21. November 2024

Management auf den Punkt gebracht!

Psychologische Großmächte

INSPIRATION: Kränkungen, so ein Experte, werden in Gesellschaft und Wissenschaft maßlos unterschätzt. In einem Interview in der Zeitschrift Führung + Organisation äußert sich der Psychiater Reinhard Haller über die destruktive Kraft von Kränkungen und bezeichnet sie als „psychologische Großmächte“, die objektiv betrachtet lediglich Kleinigkeiten sind, für den Betroffenen aber „Erschütterungen des Selbst und seiner Werte“ (Die häufigste Kränkung ist wohl die fehlende Wertschätzung).

Eine richtige Definition des Phänomens gibt es nicht, aber vermutlich weiß jeder, was damit gemeint ist. Und vermutlich sind sie die Ursache vieler menschlicher Katastrophen, seien es zerstörte Beziehungen, Amokläufe oder Terroranschläge.
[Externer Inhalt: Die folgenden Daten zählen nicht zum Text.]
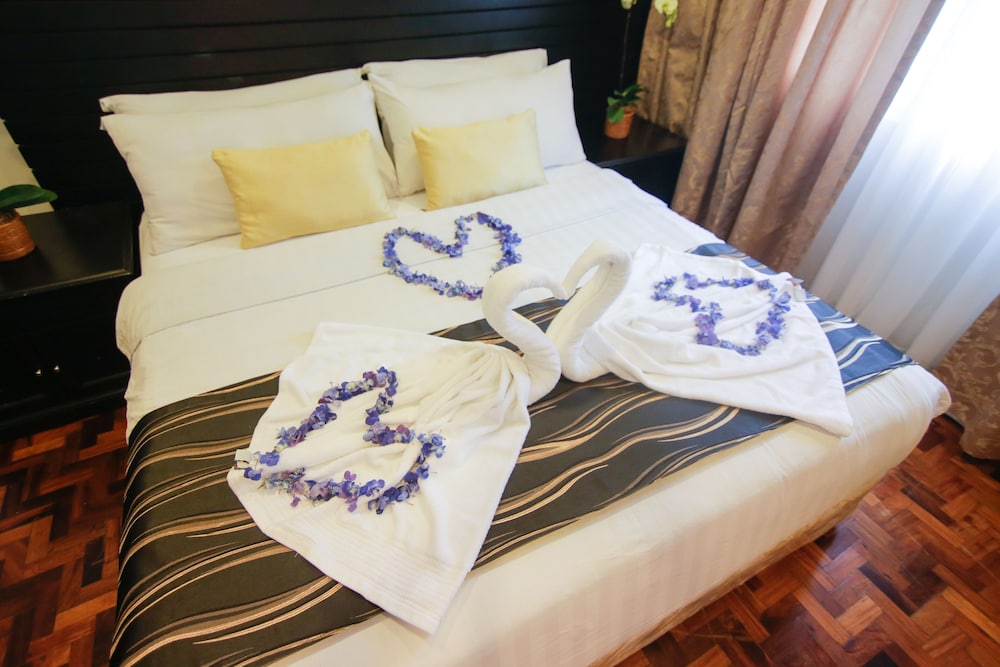 Forest Crest Nature Hotel and Resort Powered by ASTON (ex Chateau Royale Sports and Country Club) 25/77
Selbst internationale Konflikte lassen sich auf Kränkungen zurückführen – zumindest wird damit häufig argumentiert. Da kann man nachvollziehen, wenn der Fachmann sie als maßlos unterschätzt bezeichnet.


Anzeige:

Bleiben Sie souverän und gelassen bei Konflikten in Teams und Organisationen!
In unserer Ausbildung Wirtschaftsmediation lernen Sie, wie Sie Konflikte konstruktiv klären. Fordern Sie jetzt unverbindlich das Infomaterial zur Weiterbildung an.
Ja, schickt mir mehr Infos!


Alltägliche Erfahrung

Die Kränkung kommt also eher unscheinbar daher, und ihr Gegenstück ist die Wertschätzung. Wem diese versagt wird, empfindet das als Kränkung. Können wir vermutlich alle nachvollziehen. Ich wähle mal ein sehr einfaches Beispiel: Ein Mitarbeitender hat eine Aufgabe übernommen und bearbeitet, er informiert hierüber den Kollegen oder die Führungskraft und erhält keinerlei Rückmeldung. Als er nachfragt, bekommt er zur Antwort, dass sich die Sache inzwischen erledigt habe, mit dem Nebensatz, dass ihm das offenbar niemand mitgeteilt habe.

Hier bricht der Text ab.